I've been looking at what it will take to extend this from Arun's February sketch to something that will actually schedule and run small jobs. At the moment it looks like it will largely avoid JobTracker; most of the action seems to be in JobInProgress (particularly initTasks() and obtainNew*Task()), TaskInProgress (findNew*Task(), getTaskToRun(), addRunningTask()), and the scheduler (assignTasks()).
I haven't asked Arun what he originally had in mind, but it seems that there are two fairly obvious approaches:
- treat UberTask (or MetaTask or MultiTask or AllInOneTask or ...) as a third kind of Task, not exactly like either MapTask or ReduceTask but a peer (more or less) to both
- treat UberTask as a variant (subclass) of MapTask
I see the first approach as conceptually cleaner, and some of its implementation details would be cleaner as well, but overall it's harder to implement: there are lots of places where there's map-vs-reduce logic (occasionally with special setup/cleanup cases), and most of it would require modifications. The second approach seems slightly hackish, but it has at least that one big advantage: many of the map-vs-reduce bits of code would not require changes - in particular, I don't believe it would be necessary to touch the schedulers (and we're up to, what, four at this point?) since they'd simply see a job containing one map and no reduces.
Thoughts? (I don't yet have a strong opinion myself, though I'm interested in getting a proof of concept running quickly so I/we can see what works and whether it's a net win in the first place; from that perspective, the latter approach may be better.)
Either way, there will be changes needed in the UI, metrics, and other accounting to surface the tasks-within-a-task details, as well as the obvious configuration-related changes. Retry logic, speculation, etc., are still unclear (to me, anyway).

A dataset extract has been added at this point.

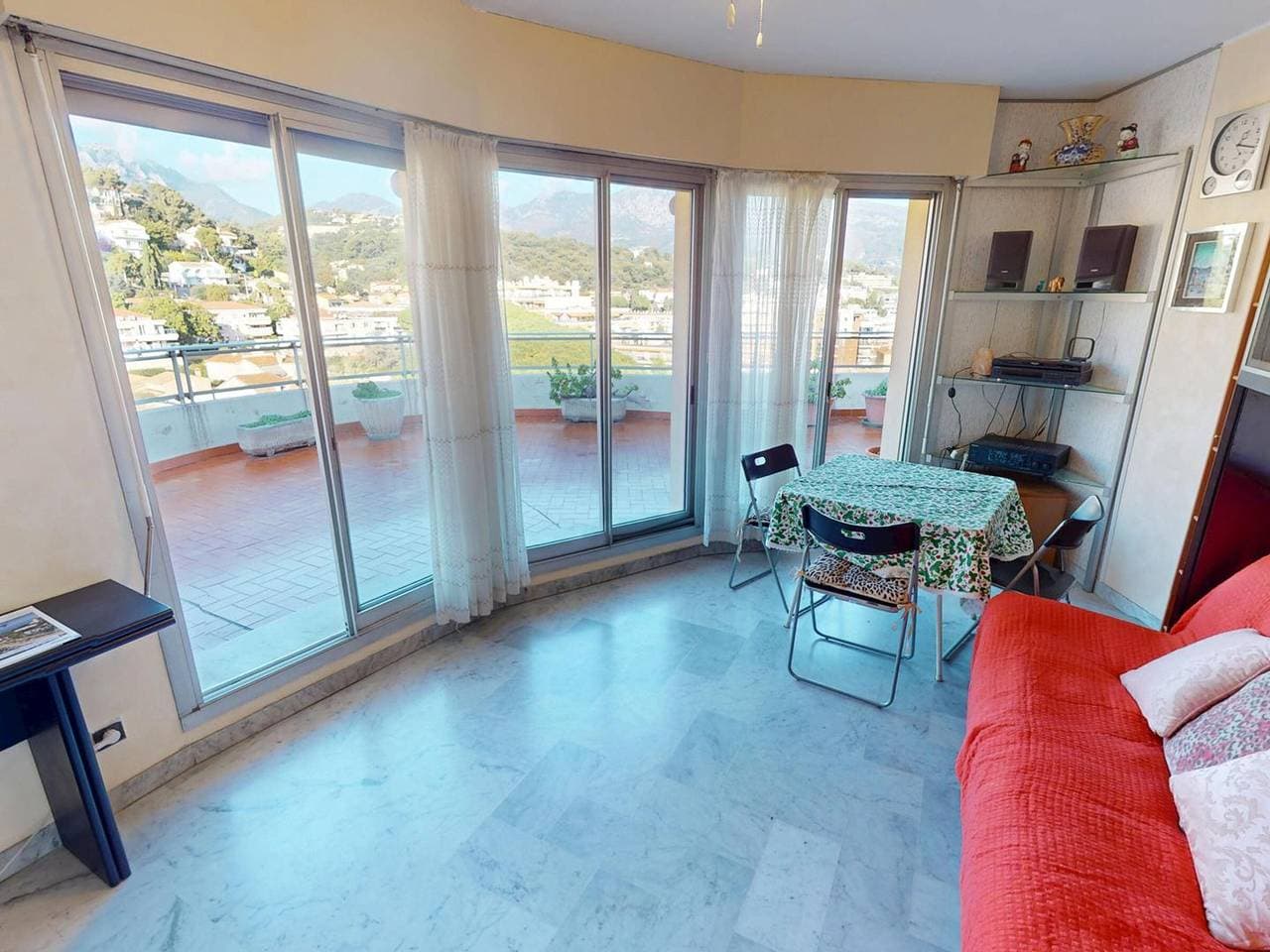 Foto 3 von 12: Angenehmes 2Z letzte Etage mit großer Terrasse und Privatparkplatz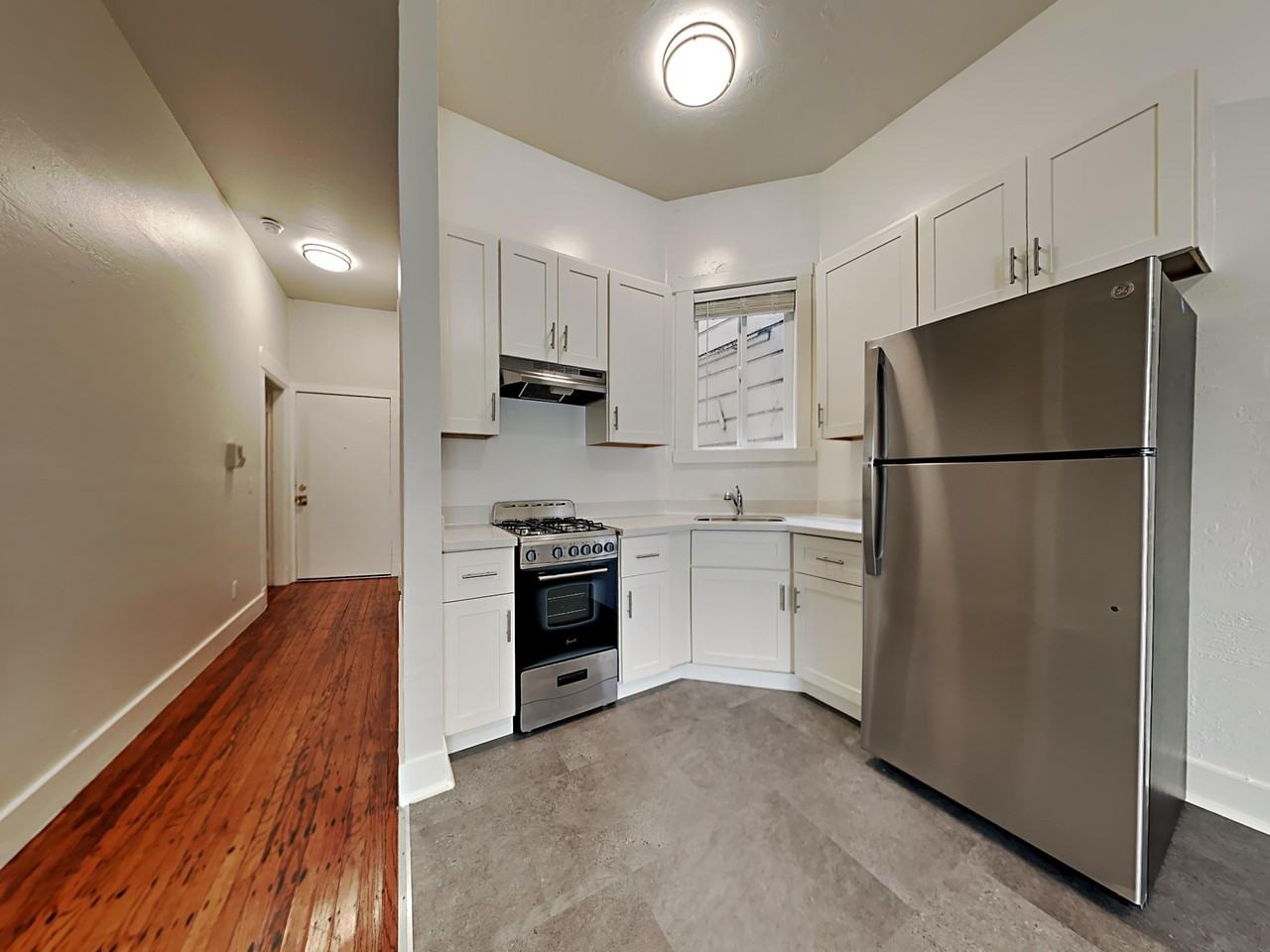 643 Divisadero St. - Photo 2 of 16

Stab at a couple of the other upstream questions:
Will users be able to set a number of reduce tasks greater than one? Or are you limited to at most one reduce task?
The latter, at least for now. This is somewhat related to the question of serial execution; i.e., if it's serial, the only reason you would want multiple reduces is if a single one is too big to fit in memory, and if that's the case, it's arguably not a "small job" anymore.

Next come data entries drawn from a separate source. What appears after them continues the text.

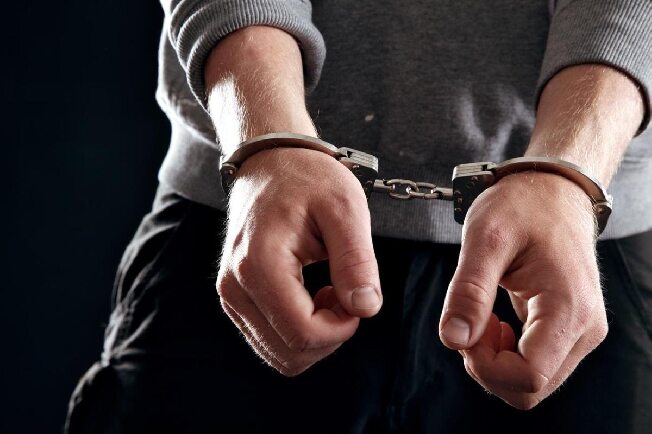 Пьяный пенсионер из Иванова душил полицейского наручниками 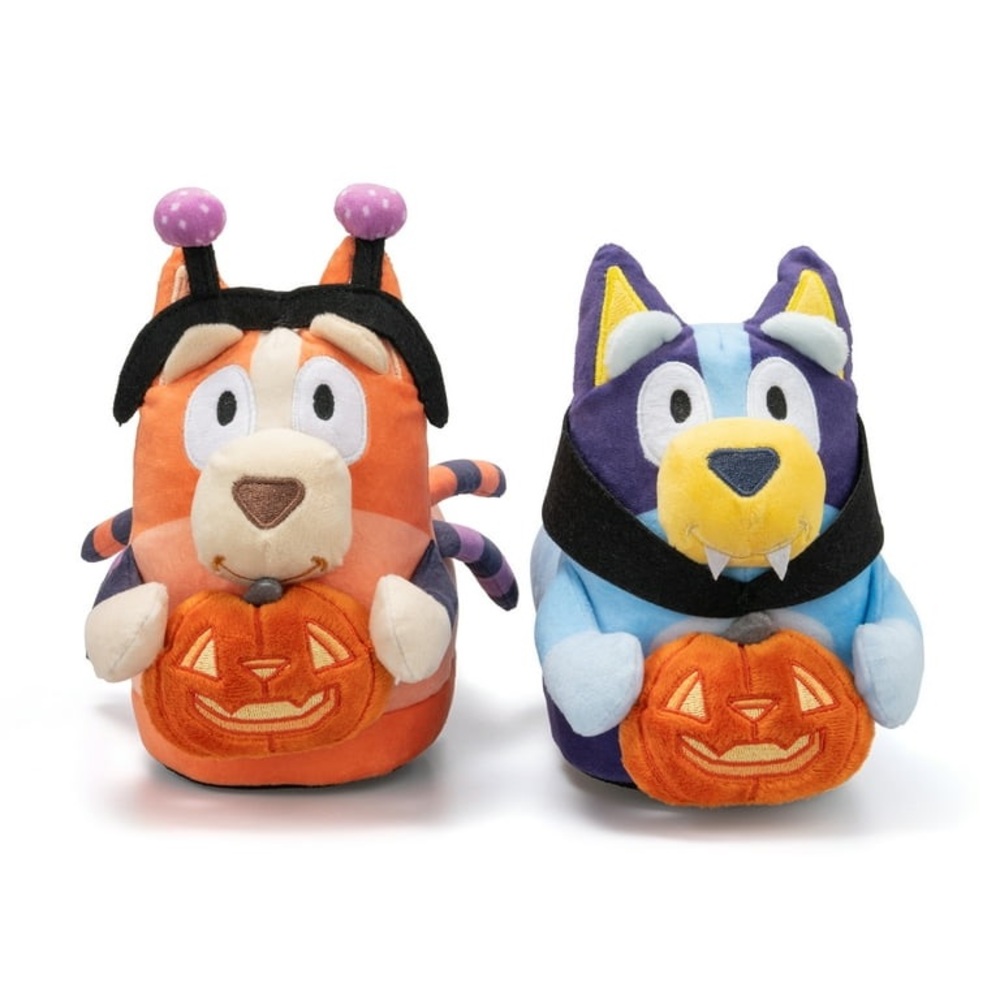3D Slippers of Bluey & Bingo IM OBSESSED W/THESE. They r PLUSH & Slip Proof  NWT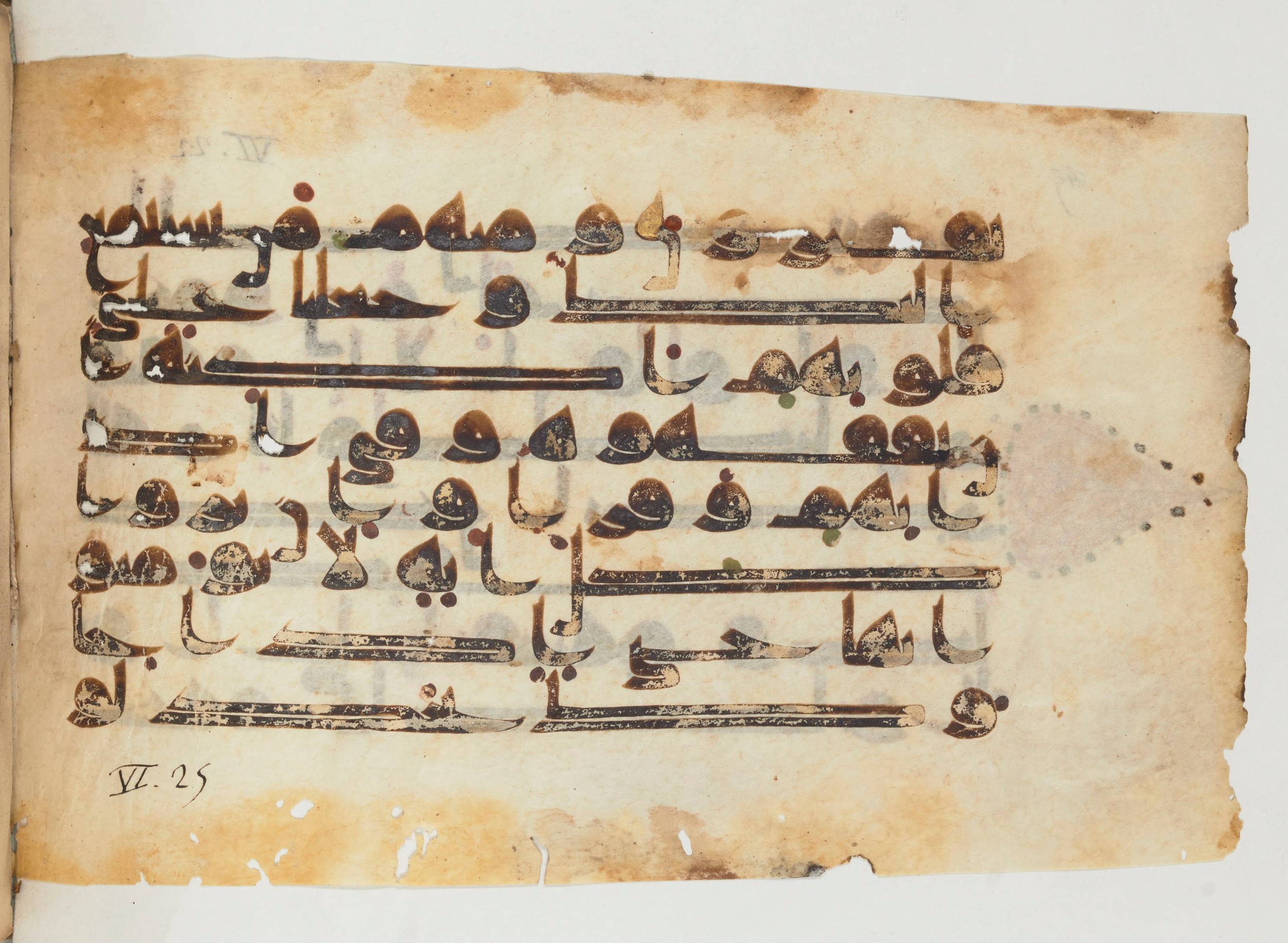 Paris, Bibliothèque nationale de France, Arabe 355 (b) (Scan 1), in Kūfī D.I script, showing Surah 6:25 from Mid 8th to Late 10th Century AD found in Fustat (Old Cairo), Egypt, currently housed at Bibliothèque nationale de France, Paris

i am still a little dubious about whether this is ambitious enough. particularly - why serial execution? to me local execution == exploiting resources available in a single box. which are 8 core today and on the way up.
Well, generally multiple cores => multiple slots, at which point you let the scheduler figure it out. Chris mentioned that there's a JIRA to extend the LocalJobRunner in this direction (
MAPREDUCE-434?), and if the currently proposed version of this one works out, an obvious next step would be to look at similar extensions. But this is still an untested optimization, and all the usual caveats about premature optimization apply.

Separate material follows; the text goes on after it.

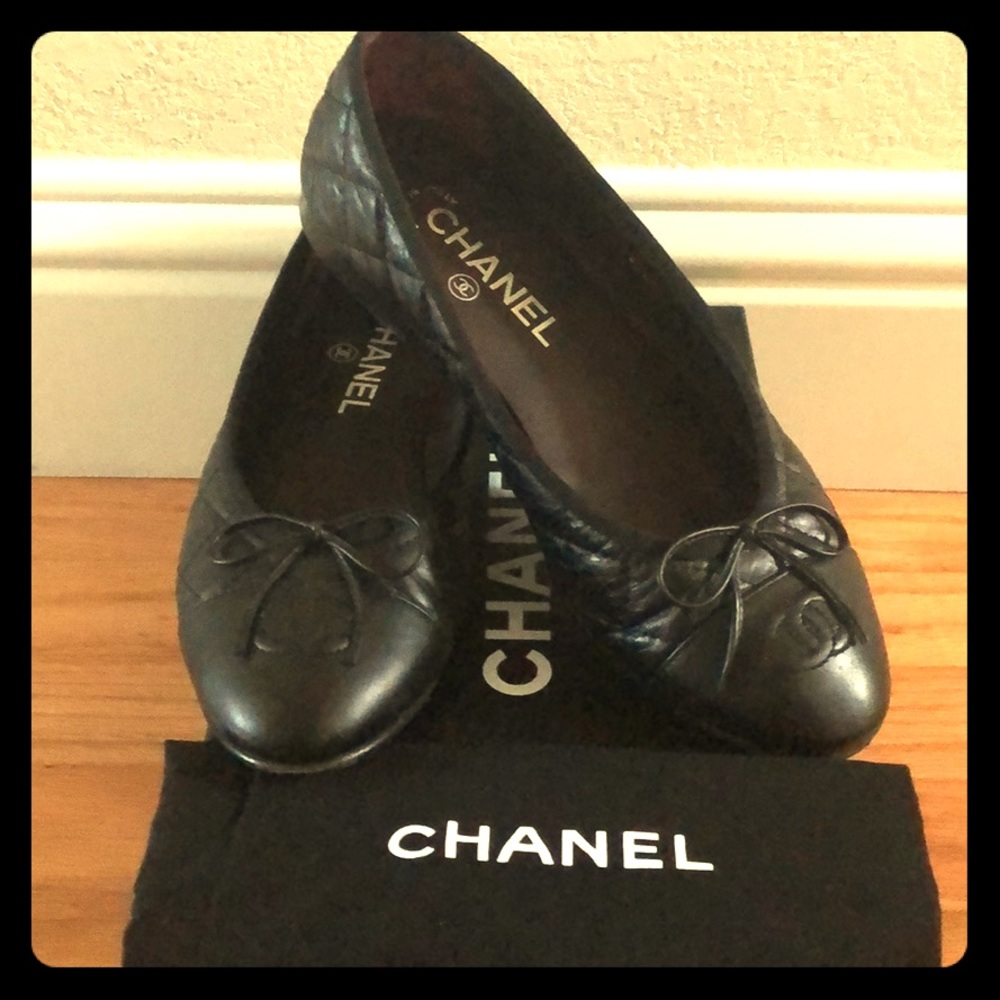 Authenthic Black Aged Calfskin Chanel Ballerinas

I don't know how Arun looked at the problem - I'm guessing the motivation was empirical, based on the behavior of Oozie workflows and Pig jobs - but I view it as way to make task granularity a bit more homogeneous by packing multiple, too-small tasks into larger containers. My mental model is that that will tend to make the scheduler more efficient - but also that trying to do too much may begin to work at cross-purposes with the scheduler, i.e., one probably doesn't want to create a secondary scheduler (trying to tune both halves could get very messy).
it does seem that a dispatcher facility at the lowest layer that can juggle between different hadoop clusters is useful generically (across Hive/Pig/native-Hadoop etc.) - but that's not quite the same as what's proposed here - is it?
Nope. But I think other groups are looking at stuff like that.